Continuous monitoring tools could save hospitals $20,000 per bed, report says
Contact-free continuous monitoring, a platform that taps into sensors to measure patients vital signs and other metrics, hold the promise to save health systems $15 billion a year.
That’s according to a new peer-reviewed paper published in Critical Care Medicine.
CFCM is used to monitor heartbeat, respiratory rate, ulcers and patient motion. The technology's components include sensors placed under a patient's mattress or in a chair, bedside monitor, central display station and in handheld devices.
The sensors measure vibration and calculate motion, heartbeats per minute and breaths per minute, which detect any changes from regular patterns.
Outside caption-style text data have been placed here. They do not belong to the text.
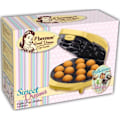 Miniatyrbild 2 av 2: Bestron Cake pop maker i retrodesign, Inkluderar cake pop hållare, gaffel & 12 cake pop sticks, Färg: gul Gul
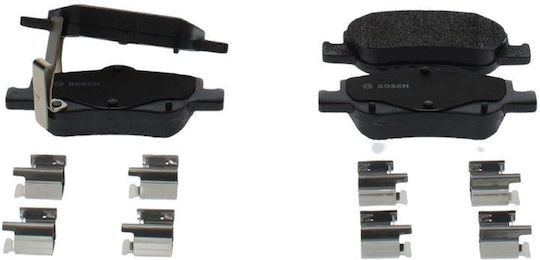 Bosch Bremsbelag Set Scheibenbremse
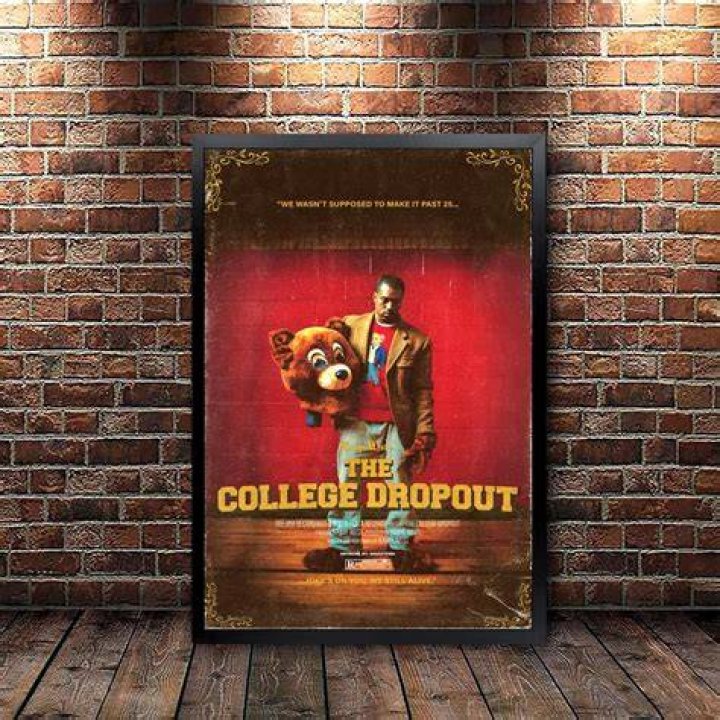 The poster of The Dropout miniseries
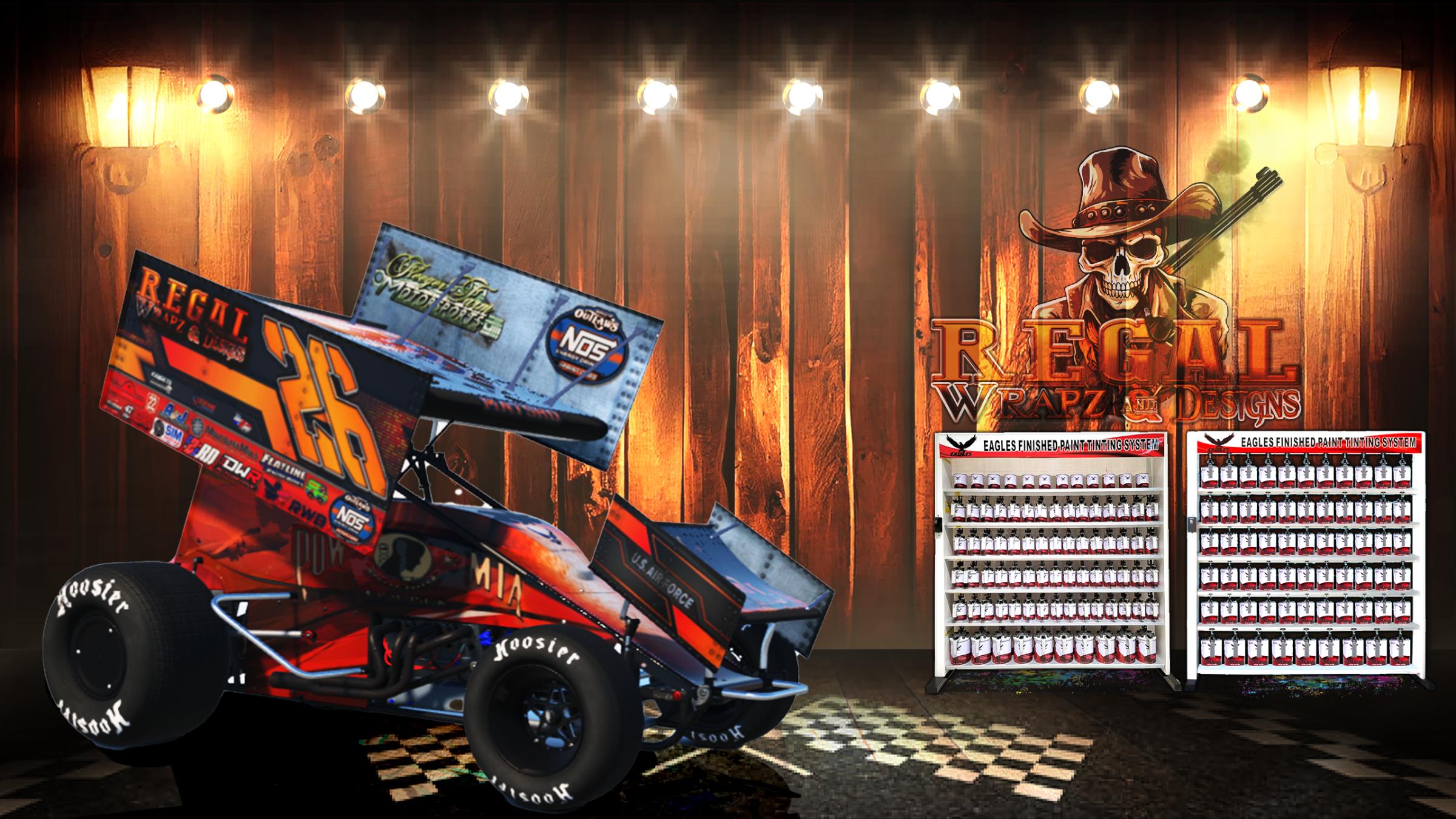 Preview of Chase Matsko C2C Sponsors #26 Air Force by Adam F.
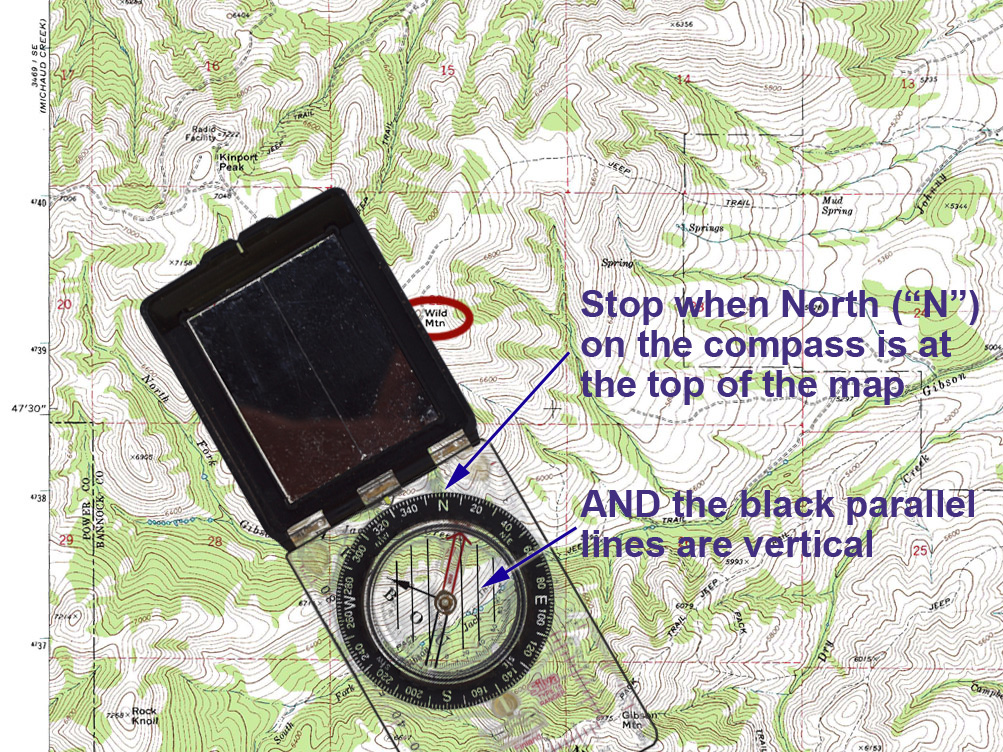 Field to Map B4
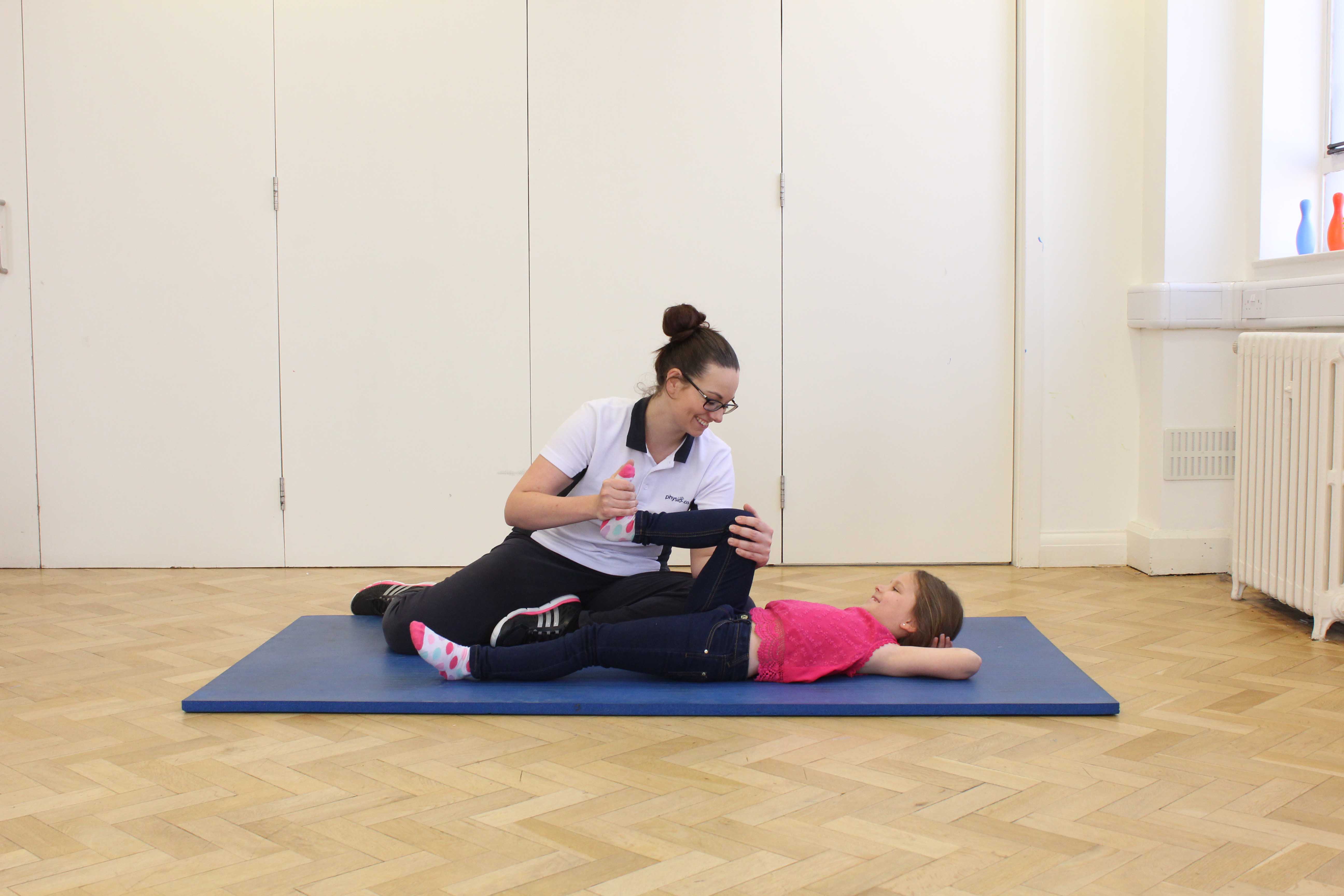 Stretches and mobilisations to relieve pain and stiffness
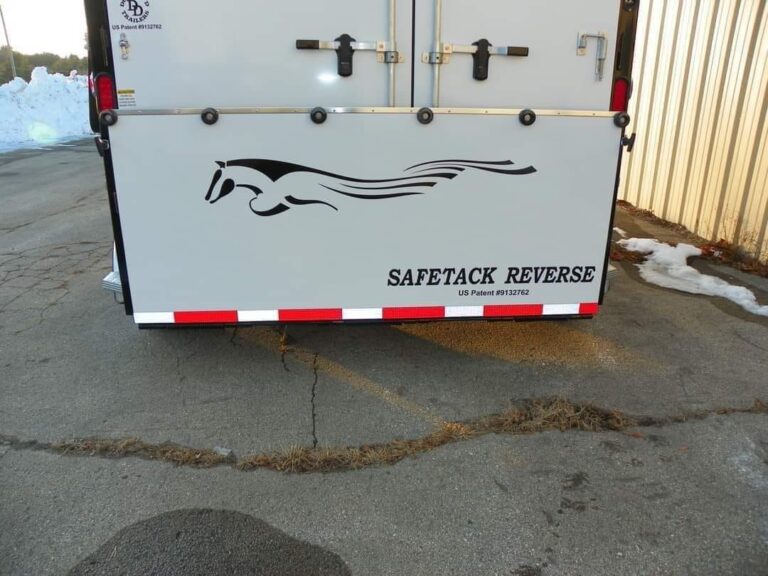 2022 Double D Reverse Slant 2 Horse Bumper Pull - Image 7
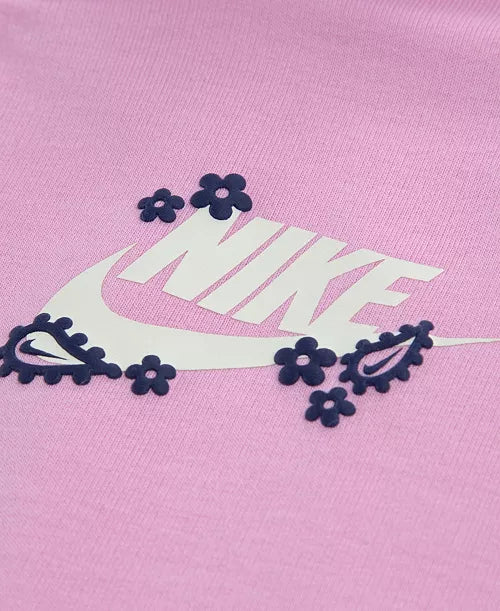 Nike Cotton Retro Remix Graphic Top and Pants Set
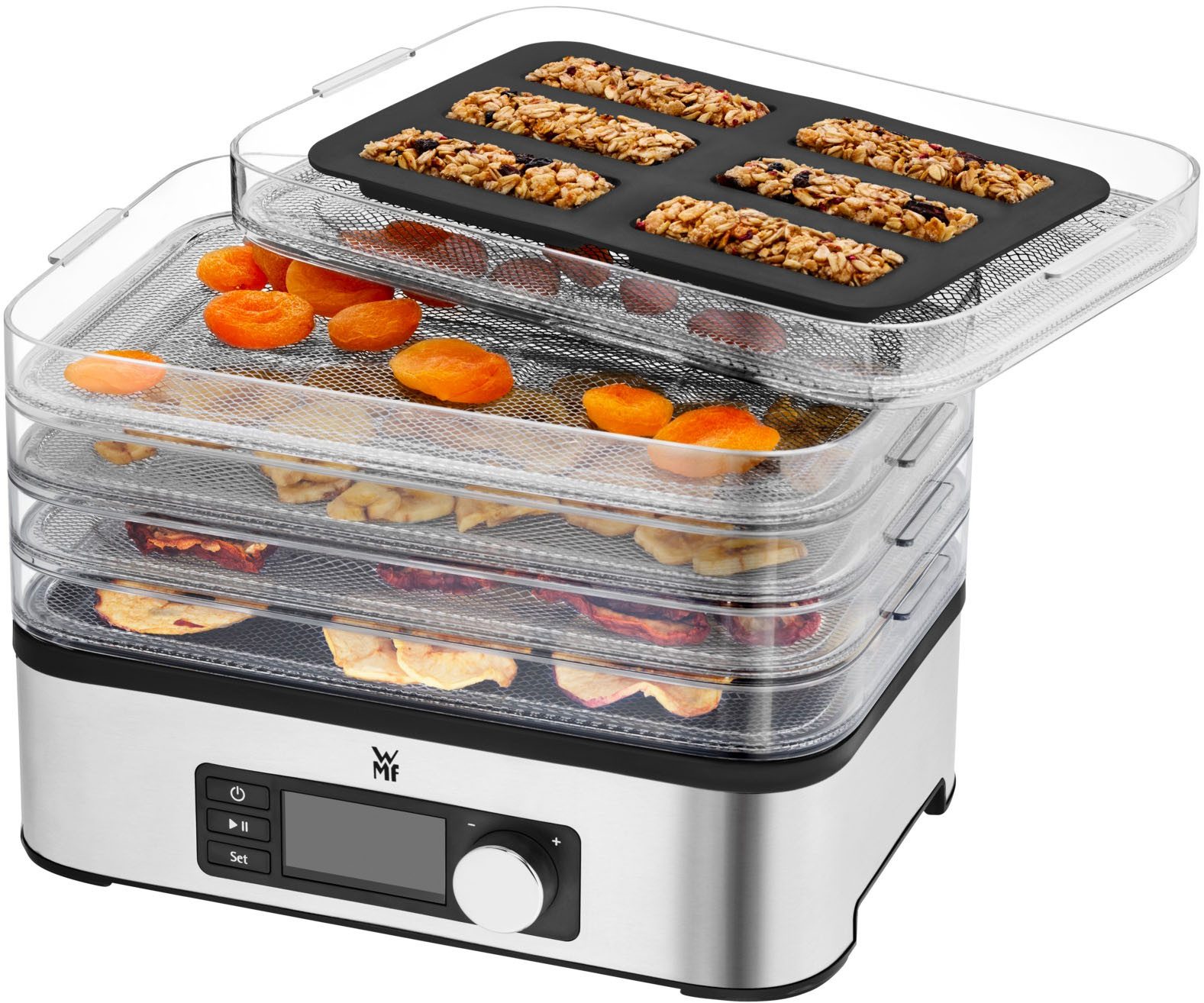 WMF Dörrautomat KÜCHENminis® 220 W, Snack to go – Bild 5 von 5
If a patient's status changes, the platform alerts nurses through large screens set up in conspicuous locations, as well as handheld devices.
Researchers from Harvard School of Medicine in a new Frost and Sullivan report entitled "Finding Top-Line Opportunities in a Bottom-Line Healthcare Market" claimed each hospital bed monitored with the EarlySense CFCM approach enables hospitals to achieve a cost savings nearing $20,000.
The cost savings are attributed to clinical outcome improvements published by hospitals implementing CFCM. Evidence suggests the technology can assist clinicians in earlier detection of patient deterioration, helping to reduce patient length of stay, minimize use of intensive care units, reduce falls and pressure ulcers and avoid cardiac and respiratory arrests.
The $15 billion figure was arrived at by extending the savings to all 750,000 relevant beds in the U.S. hospital system. The estimate does not take into account those patients in beds outside the hospital setting.
Clinical data also estimates that use of EarlySense has the annual potential to reduce patient falls by 301,809; reduce pressure ulcers by over 1 million; slash ICU days by about 1.7 million; eliminate more than 259,000 "Code Blue" events; and avoid close to 208,000 deaths.
"The healthcare industry is constantly working to improve efficiency," said Charlie Whelan, Frost and Sullivan's Transformational Health North America consulting director, in a statement. "These studies show that continuous monitoring presents a unique opportunity to create both top and bottom line benefits, while simultaneously improving quality of care."